The entries that follow must be given again exactly, with the pictures excluded.
'''
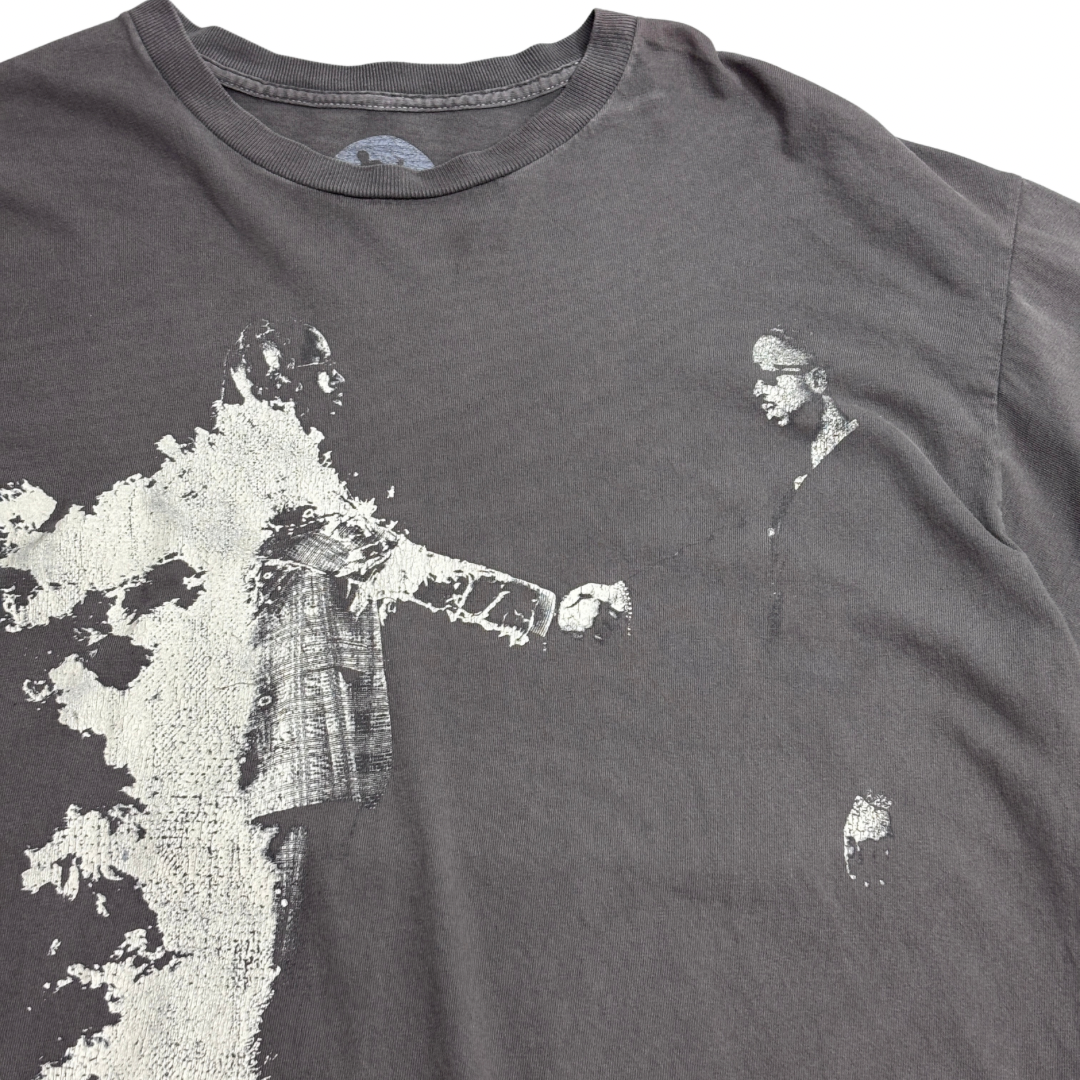 【METRO BOOMIN “HEROES & VILLAINS” 12.02.2022 フォトプリントTシャツ】L/8-79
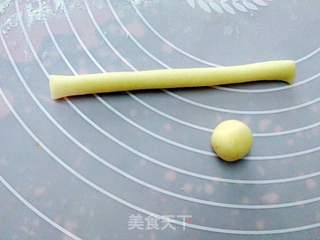 圣诞老人馒头的做法步骤:11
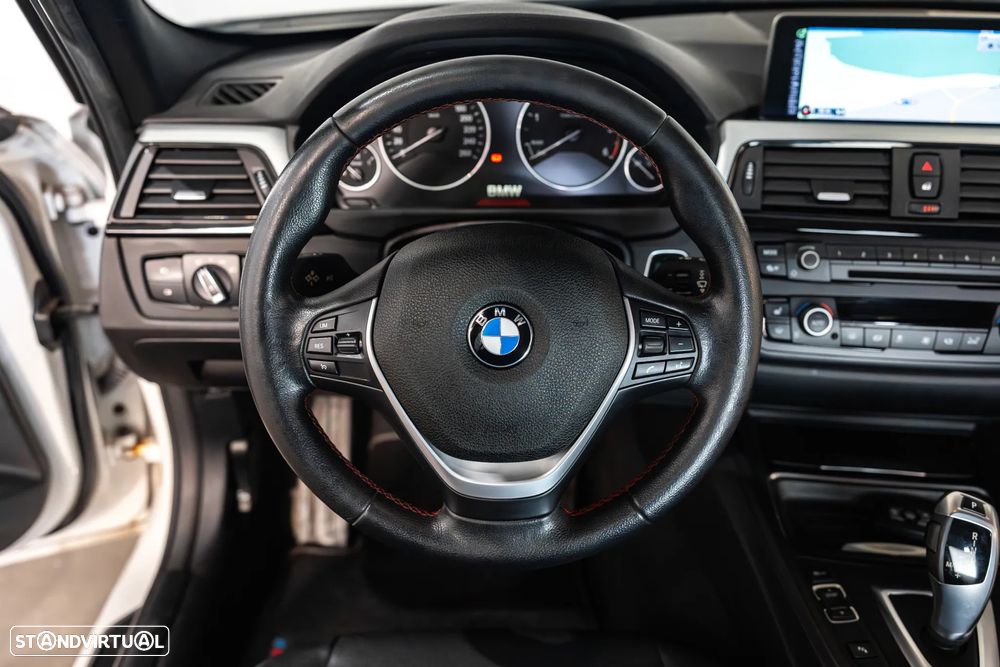 BMW 320 d Touring Auto Pack M - 8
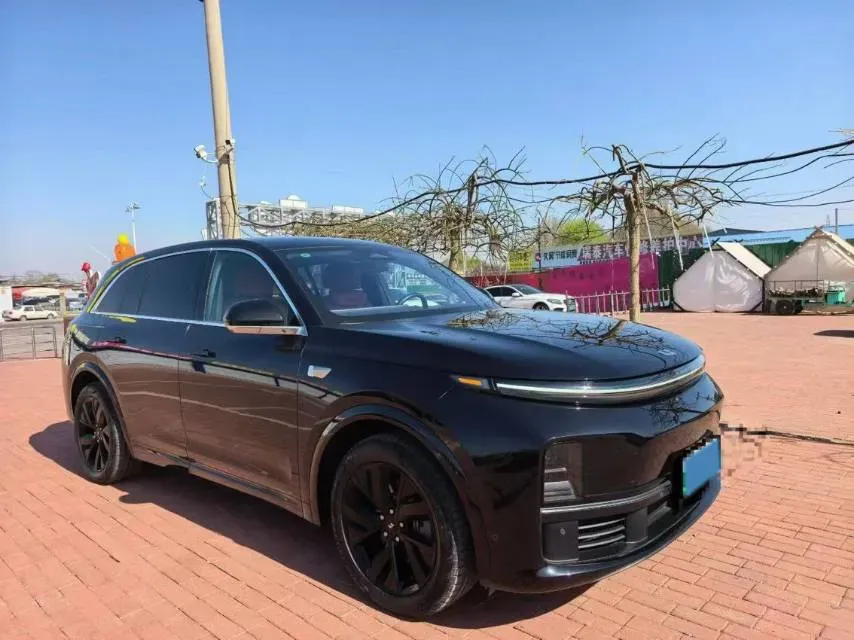 2024 Li L7 Range Extended 154HP REEV 42.8KWH,autocango,china used car exporter,china ev exporter,chinese used car exporter,chinese used ev exporter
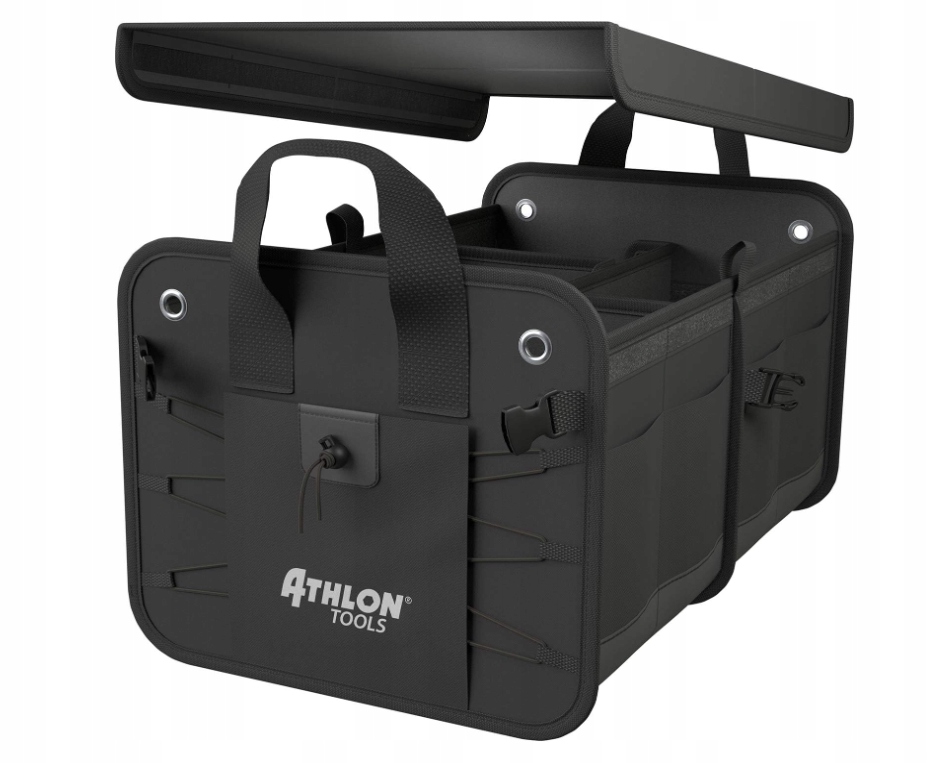 ATHLON TOOLS TORBA DO BAGAŻNIKA 60 L Numer katalogowy producenta 4260600260471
'''
TASK SOLUTION:
 【METRO BOOMIN “HEROES & VILLAINS” 12.02.2022 フォトプリントTシャツ】L/8-79
 圣诞老人馒头的做法步骤:11
 BMW 320 d Touring Auto Pack M - 8
 2024 Li L7 Range Extended 154HP REEV 42.8KWH,autocango,china used car exporter,china ev exporter,chinese used car exporter,chinese used ev exporter
 ATHLON TOOLS TORBA DO BAGAŻNIKA 60 L Numer katalogowy producenta 4260600260471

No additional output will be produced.